Demonstrators outside the US Supreme Court during arguments in the union fees case Janus v. AFSCME, on February 26, 2018.
Demonstrators outside the US Supreme Court during arguments in the union fees case Janus v. AFSCME, on February 26, 2018. Photo credit: WFSE/AFSCME C28.

The US Supreme Court ruled earlier this week in Janus v. American Federation of State, County and Municipal Employees (AFSCME), and found in favor of Mark Janus, a child support specialist with the Illinois Department of Healthcare and Family Services, who chose not to join the union, but was required under Illinois law to pay what are called “fair share” fees to AFSCME as the collective bargaining agent for all state workers. Janus argued that even though he was covered by the collective bargaining agreement, it was a violation of his First Amendment rights to force him to support the union. AFSCME contended that requiring workers who choose not to join the union to pay a smaller portion, or a “fair share,” is reasonable since they, along with their dues-paying colleagues, benefit concretely from collective bargaining. Without agency fees, those who don’t pay anything at all are essentially “free riders”—or “takers” to borrow a term-of-art from the conservative playbook—benefiting from the work of others, but neither participating nor contributing.

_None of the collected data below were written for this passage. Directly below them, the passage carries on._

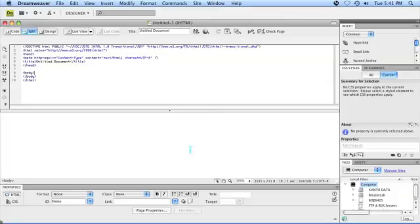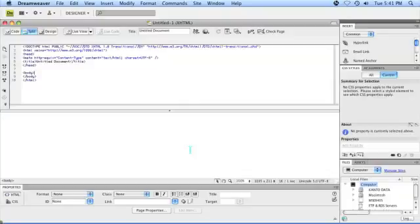Now if you create a new PHP file in Dreamweaver, it pre-populates it with HTML code. As you know, a PHP file need not necessarily have any PHP elements in there. In order to add PHP elements, you need to enclose them in PHP tags.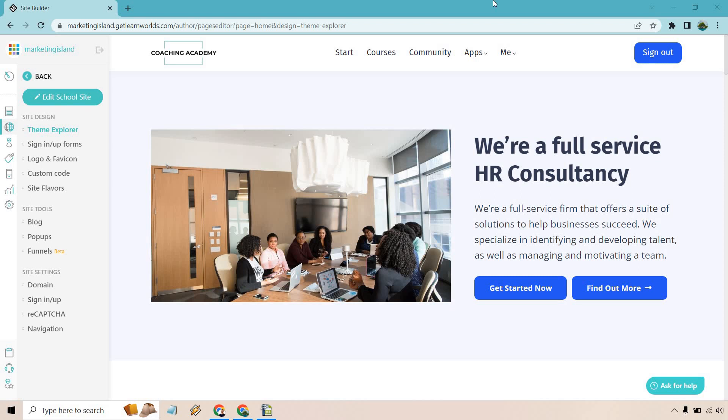Hello and welcome to this video where I'm going to be going over the LearnWorlds website builder and give you an overview about how it works. If you'd like to follow along or test it out yourself, I will leave a link down below in the description where you can get a free trial for LearnWorlds.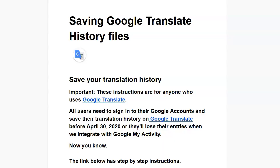So there you have it — how to back up the Google Translate files and make your life a little bit better. Mine too, because I've told you, my job's done. So it's a wrap.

Janus followed Friedrichs v. California Teachers Association, a case organized and championed by powerful forces bent on destroying organized labor, specifically public-sector unions. Friedrichs challenged agency fees collected by the California Teachers Association, an affiliate of both the National Education Association and the American Federation of Teachers.

When Justice Antonin Scalia died suddenly in early 2016, the Supreme Court deadlocked (4-4) on Friedrichs. In 2017, after Neil Gorsuch replaced Scalia and the Supreme Court returned to a full complement of nine Justices, the Court agreed to hear Janus, a substantially similar case. With the addition of Justice Gorsuch, the anti-labor forces won the day, and “right-to-work” became the law of the land.

Public-employee unions were already barred from spending fair-share fees on electoral politics, but Janus asserted that any action by a government employee union, including collective bargaining, is inherently political, and that therefore spending money on anything constitutes forced political speech and violated his First Amendment rights. AFSCME and other public employee unions argued that since the law requires it to provide due representation to all members for an entire unit, including non-members like Janus, then depriving AFSCME of fair-share fees would make it possible for Janus and others to enjoy the benefits of collective bargaining without having to pay anything for those benefits. If a huge number of workers became free riders, the result would devastate AFSCME financially, and create divisions among the employees. Labor leaders have argued that the case had nothing to do with free speech, and union destruction was the real goal of the law suit all along.

But there is so much more to the story: this all comes in the wake of teacher revolts that swept the country this past Spring. The day before West Virginia teachers walked out last February, sparking a rolling and accelerating rebellion, a teacher revolution was “impossible.” The day after they won their demands, the revolution became “inevitable.”

That’s the rhythm of every revolution throughout history: impossible on to inevitable in the blink of an eye.

I’ve never before heard of a state-wide teachers’ strike. This past Spring, the unheard of was breaking out all over.

West Virginia, Oklahoma, Arizona, Kentucky, Colorado, and no one can say for sure where the rebellion might spark up when school opens in the Fall.

But this much is clear: these initial hot spots were among the twenty-seven “right-to-work” states (or “right-to-work-for-less” states as labor refers to them) with severely limited bargaining rights and prohibitions against workers paying “agency fees” in exchange for representation.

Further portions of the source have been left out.